REPUBLIKA.CO.ID, JAKARTA -- Peneliti militer dari Institute for Security and Strategic Studies (ISESS), Khairul Fahmi, menyebutkan, kunci untuk membenahi "penyakit kambuhan" bentrokan TNI-Polri ada pada pembenahan praktik kepemimpinan. Itu perlu dilakukan di kedua belah instansi, terutama bagi para pimpinan atau perwira di lapangan.
"Kuncinya ada pada pembenahan praktik-praktik kepemimpinan terutama bagi para pimpinan atau perwira di lapangan," jelas Khairul kepada Republika, Selasa (14/4).
Sejauh ini, dia melihat, adanya superioritas, kebanggaan, dan jiwa korsa yang dipompa berlebihan dalam praktik kepemipinan tersebut. Menurutnya, para prajurit, baik TNI maupun Polri, memang dicetak untuk bermental juara. Karena itu, kesalahan dan kekalahan adalah hal yang dianggap sangat memalukan.
"Setidaknya ada komitmen bersama untuk membenahi internal masing-masing, karena pemicunya ada di dalam rumah. Seperti ego sektoral, superioritas, kebanggaan dan jiwa korsa yang dipompa berlebihan, yang kemudian berekses rendahnya penghormatan dan hadirnya ketidaksukaan pada pihak lain," kata dia.
Dia mengatakan, pembenahan praktik kepemimpinan perlu dilakukan dengan menerapkan kedisiplinan, kepatuhan, dan kesadaran untuk tidak melakukan tindakan yang memalukan dan merusak nama baik korps. Jika hal itu sudah dilakukan, maka akan menjadi teladan bagi para personel di bawahnya. "Itu akan meminimalisasi kans terjadinya bentrokan serupa di kemudian hari," ujarnya.

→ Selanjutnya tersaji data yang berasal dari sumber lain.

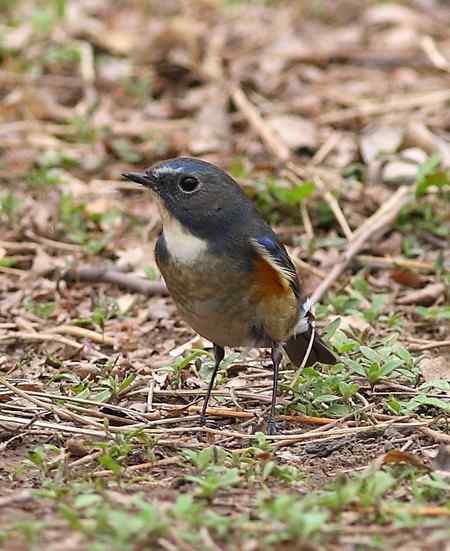 红胁兰尾鸲（男的）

Menurutnya pula, kasus bentrokan antara TNI-Polri yang disimpulkan sebagai kejadian yang terjadi karena kesalahpahaman seakan menyepelekan masalah. Padahal, kejadian tersebut merupakan penyakit kambuhan yang kerap terjadi berulang kali dan tidak pernah diobati dengan baik.
"Kasus seperti itu selalu disimpulkan sebagai kesalahpahaman. Lantas kesalahpahaman macam apa yang kemudian diselesaikan dengan cara barbar begitu? Itu seperti menyederhanakan masalah. Seolah sepele," jelas dia.